»»

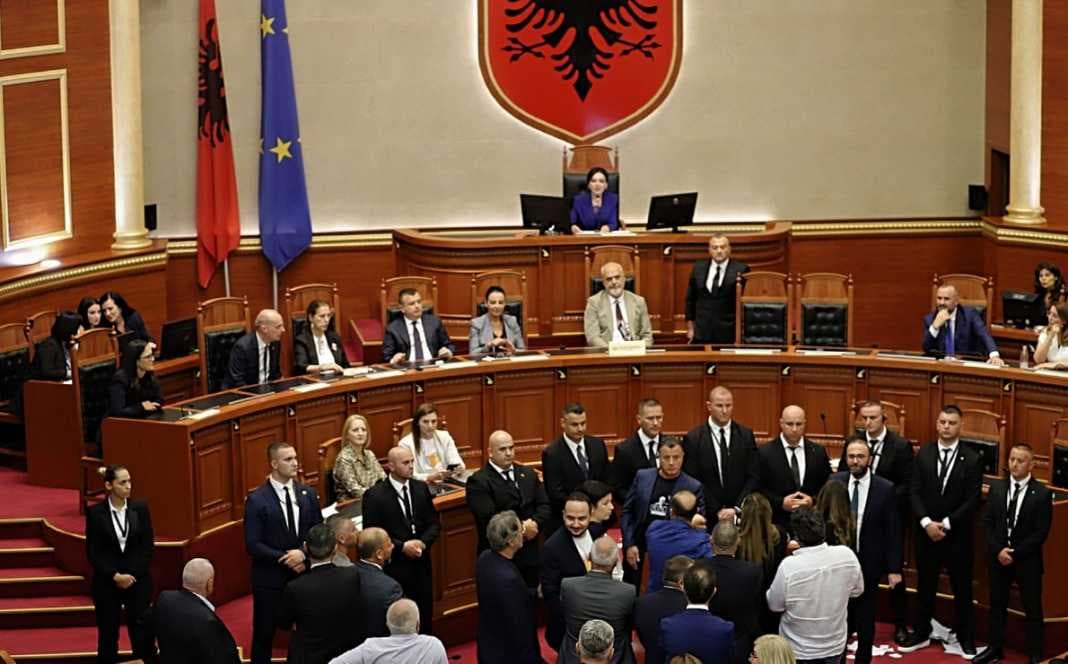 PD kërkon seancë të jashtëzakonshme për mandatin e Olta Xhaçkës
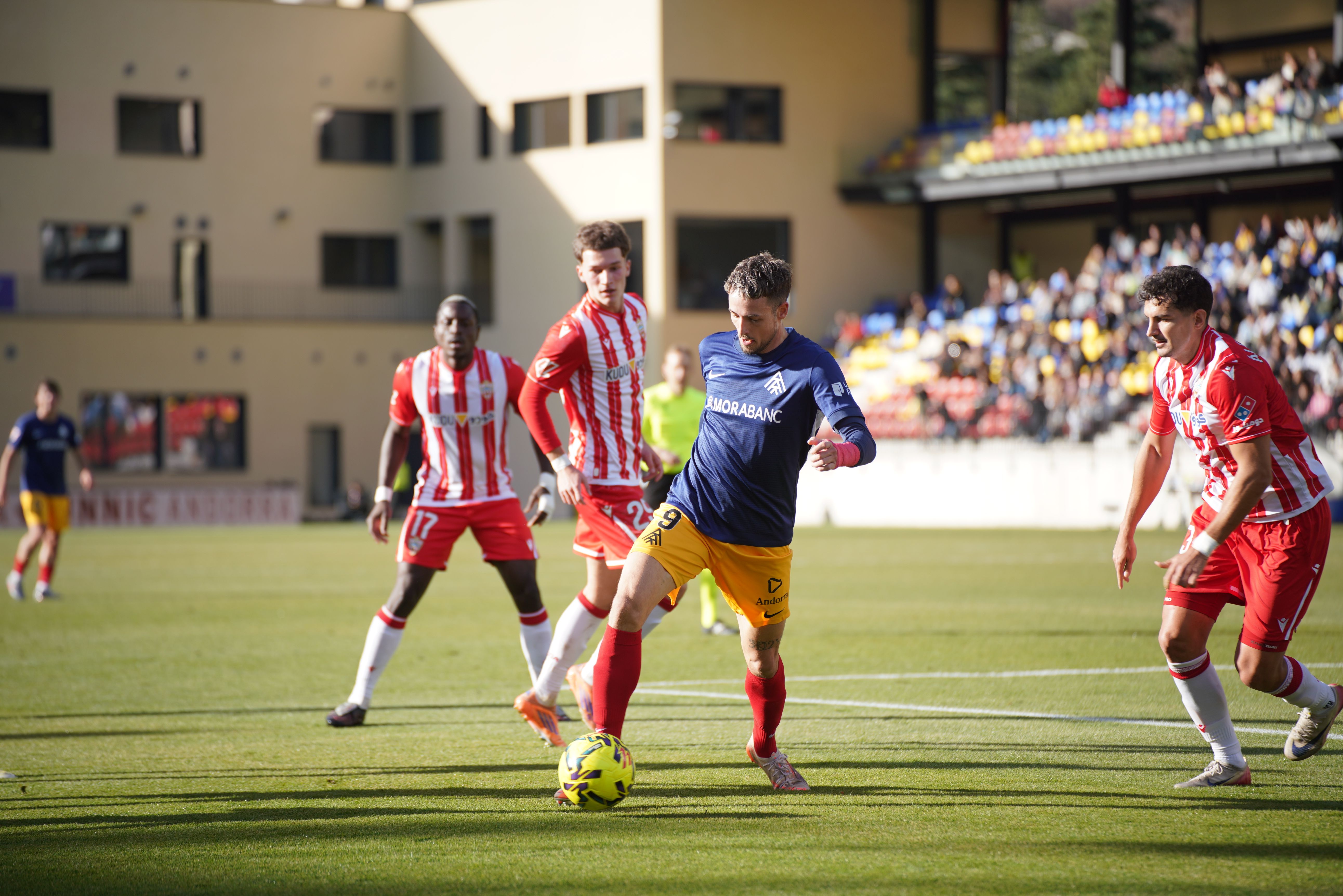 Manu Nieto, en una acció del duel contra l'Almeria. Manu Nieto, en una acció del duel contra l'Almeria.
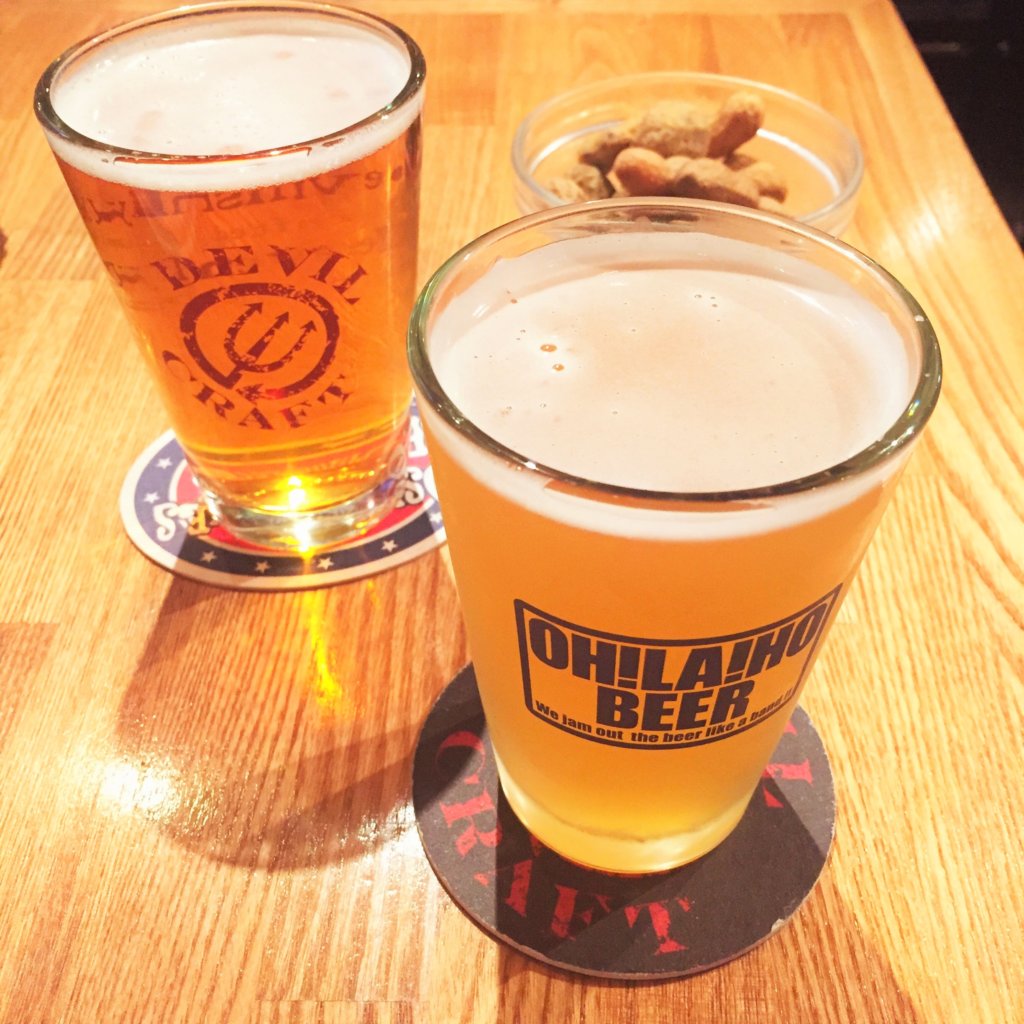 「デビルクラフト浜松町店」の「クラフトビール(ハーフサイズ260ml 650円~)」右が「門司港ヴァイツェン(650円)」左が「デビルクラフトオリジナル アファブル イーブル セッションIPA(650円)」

««
»»

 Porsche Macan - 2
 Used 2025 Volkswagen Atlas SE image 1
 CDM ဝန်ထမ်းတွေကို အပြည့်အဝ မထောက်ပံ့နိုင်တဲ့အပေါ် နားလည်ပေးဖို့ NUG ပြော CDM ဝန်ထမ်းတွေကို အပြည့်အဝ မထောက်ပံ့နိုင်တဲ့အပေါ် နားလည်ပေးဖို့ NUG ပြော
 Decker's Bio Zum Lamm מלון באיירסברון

««

**Task:** All lines above from the one with "Used 2025 Volkswagen Atlas SE image 1" to the one with "Decker's Bio Zum Lamm מלון באיירסברון", inclusive, should be copied exactly, and no other lines.

**Solution for this exercise:**
 Used 2025 Volkswagen Atlas SE image 1
 CDM ဝန်ထမ်းတွေကို အပြည့်အဝ မထောက်ပံ့နိုင်တဲ့အပေါ် နားလည်ပေးဖို့ NUG ပြော CDM ဝန်ထမ်းတွေကို အပြည့်အဝ မထောက်ပံ့နိုင်တဲ့အပေါ် နားလည်ပေးဖို့ NUG ပြော
 Decker's Bio Zum Lamm מלון באיירסברון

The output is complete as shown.